Putting it all together#

Now we’ll put these steps together into the MAP estimation algorithm. It’s very similar to what you implemented in Lab 2. It amounts to:

  • Initialize the residual \(\mathbf{R} = \mathbf{X} - \mathbf{U} \mathbf{C}^\top\)

  • Repeat until convergence:

    • For each neuron \(k=1,\ldots,K\):

      • Update the residual to \(\mathbf{R} = \mathbf{R} + \mathbf{u}_k \mathbf{c}_k^\top\)

      • Update the trace \(\mathbf{c}_k\) by applying your deconvolve function from Part 2a to the target \(\boldsymbol{\mu}_k = \mathbf{u}_k^\top \mathbf{R}\)

      • Update the footprint to \(\mathbf{u}_k = \frac{\mathbf{R} \mathbf{c}_k}{\|\mathbf{R} \mathbf{c}_k\|}\)

      • Downdate the residual to \(\mathbf{R} = \mathbf{R} - \mathbf{u}_k \mathbf{c}_k^\top\) using the new footprint and trace

    • Update the background:

      • Update the residual to \(\mathbf{R} = \mathbf{R} + \mathbf{u}_0 \mathbf{c}_0^\top\)

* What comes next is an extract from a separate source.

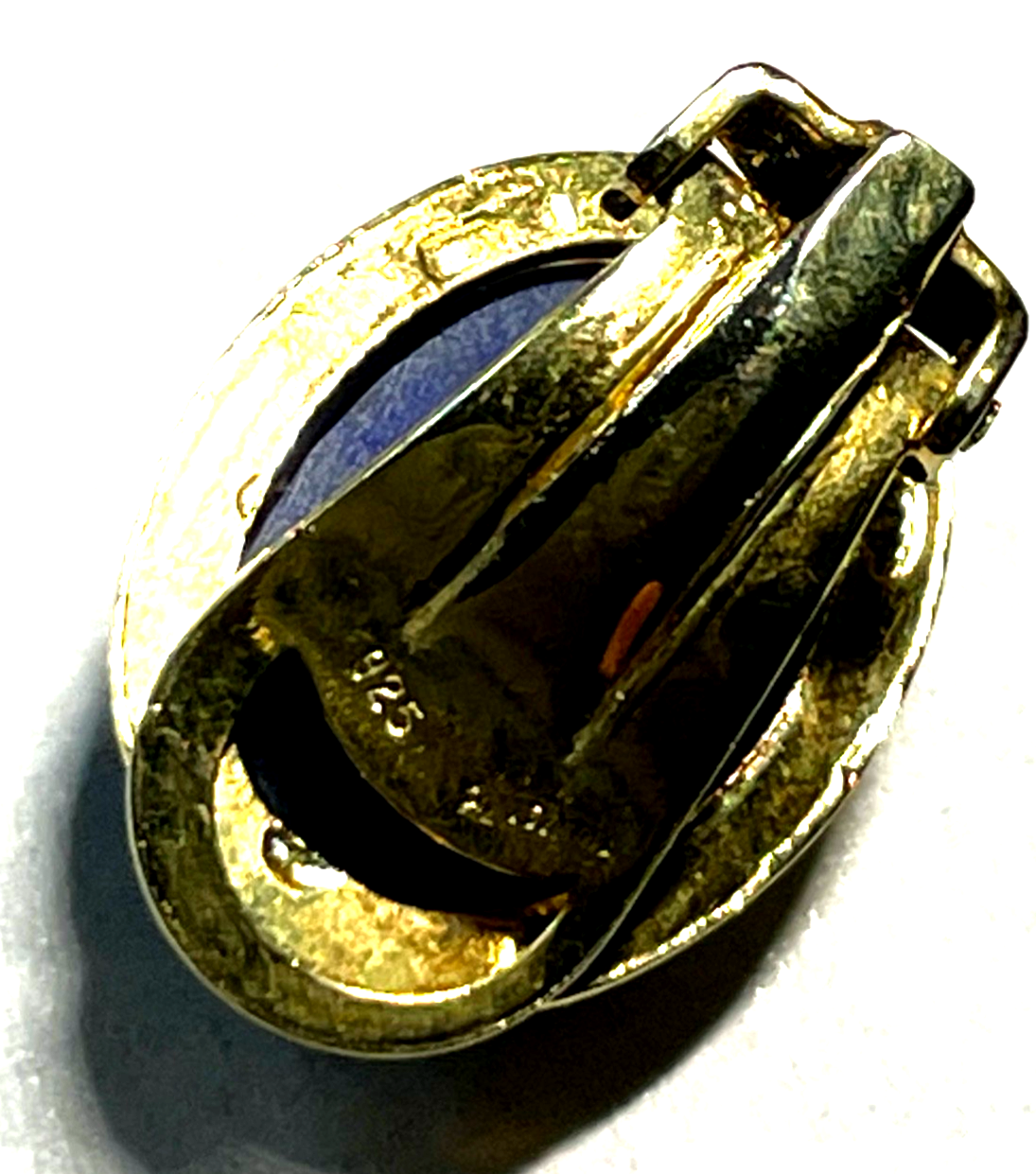 Paar elegante 925 Silber vergoldete Ohrclips Clips Lapislazuli Cabochon wie neu5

      • Set the background trace to \(\mathbf{c}_0 = \frac{\varsigma_0^2}{\sigma^2 + \varsigma_0^2} \mathbf{u}_0^\top \mathbf{R}\) where \(\varsigma_0^2\) is the prior variance of the background trace. (We will set it to be very large so that we barely shrink the background trace.)

      • Set the background footprint to \(\mathbf{u}_0 = \frac{\mathbf{R} \mathbf{c}_0}{\|\mathbf{R} \mathbf{c}_0\|}\)

      • Downdate the residual to \(\mathbf{R} = \mathbf{R} - \mathbf{u}_0 \mathbf{c}_0^\top\) using the new background footprint and trace.

    • Compute the log likelihood using the residual \(\mathbf{R}\)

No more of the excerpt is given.